DIALECTICS OF LIBERATION

A contemporary revisiting of the now legendary 1967 Congress, with guest speakers including Selma James and Lynne Segal

15th July, 7pm, Roundhouse, Chalk Farm Road, NW1 8EH

The Dialectics of Liberation Congress was held at the Roundhouse in July 1967. The now legendary meeting of minds was a unique expression of the politics of modern dissent.
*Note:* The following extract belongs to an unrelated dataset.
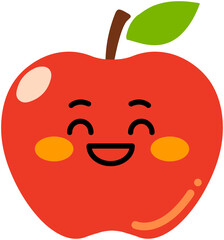 Happy Apple Character-Cartoon Red Fruit With Face and Leaf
Existential psychiatrists, Marxist intellectuals, anarchists and political leaders met to discuss the key social issues of the next decade.

Against the backdrop of rising student frustrations, racism, class inequality, and environmental degradation, this conference aimed to create genuine revolutionary momentum by fusing ideology and action on the levels of the individual and of mass society.

Taking ‘the demystification of violence’ in all its expressions, and bridging theory and practice, speakers included Herbert Marcuse and Lucien Goldmann to represent the theoretical pole, and Stokely Carmichael on Black Power as an activist, and Carol Schneeman, Allen Ginsberg and R.D. Laing in between.

Verso Books presents an event revisiting some of the issues discussed in light of the sweeping political, economic and technological changes that the world has seen since, on the 48th anniversary of the congress and the publication of a new edition of The Dialectics of Liberation, compiling interventions from contributors as part of Verso’s Radical Thinkers series.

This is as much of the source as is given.